### Record extracts

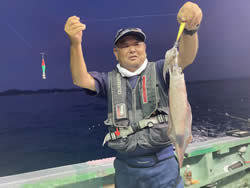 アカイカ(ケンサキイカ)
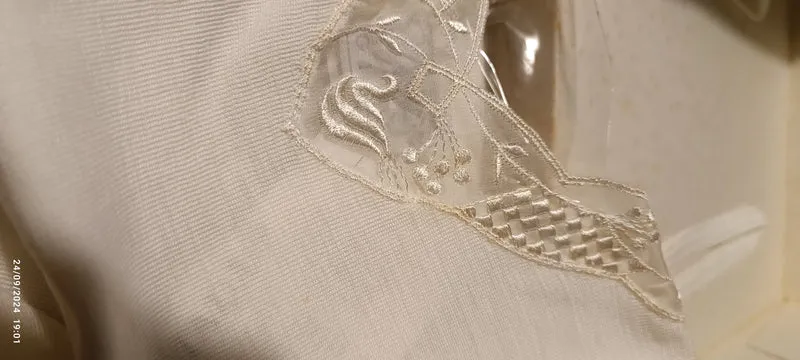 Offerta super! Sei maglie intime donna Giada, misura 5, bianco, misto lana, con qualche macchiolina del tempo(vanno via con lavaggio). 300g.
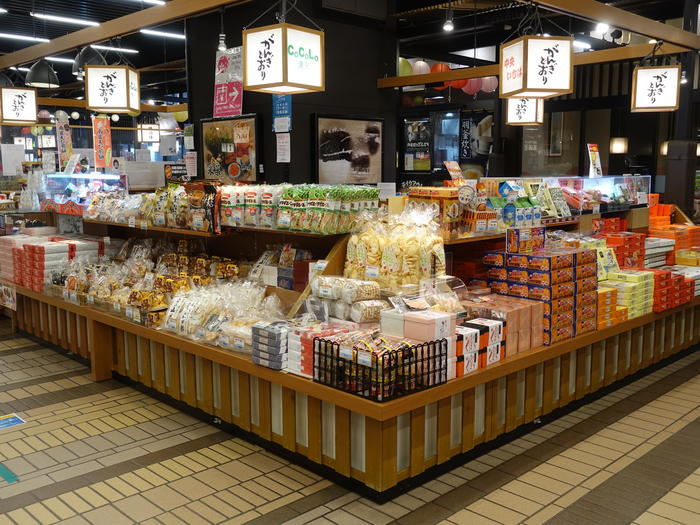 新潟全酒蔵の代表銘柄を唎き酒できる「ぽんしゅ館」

--

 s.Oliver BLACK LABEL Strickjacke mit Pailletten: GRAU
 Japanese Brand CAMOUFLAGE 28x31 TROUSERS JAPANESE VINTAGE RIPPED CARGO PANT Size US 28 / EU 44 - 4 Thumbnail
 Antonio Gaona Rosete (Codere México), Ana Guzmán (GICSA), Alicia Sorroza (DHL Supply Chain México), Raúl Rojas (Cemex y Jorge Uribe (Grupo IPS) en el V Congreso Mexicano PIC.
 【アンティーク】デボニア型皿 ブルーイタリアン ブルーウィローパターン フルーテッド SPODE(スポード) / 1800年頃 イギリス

### Work instructions
Going by the entries above, repeat exactly the lines that start at the line with "アカイカ(ケンサキイカ)" and go on through the line with "新潟全酒蔵の代表銘柄を唎き酒できる「ぽんしゅ館」". Pictures are not part of the copy.

### Output of the exercise
 アカイカ(ケンサキイカ)
 Offerta super! Sei maglie intime donna Giada, misura 5, bianco, misto lana, con qualche macchiolina del tempo(vanno via con lavaggio). 300g.
 新潟全酒蔵の代表銘柄を唎き酒できる「ぽんしゅ館」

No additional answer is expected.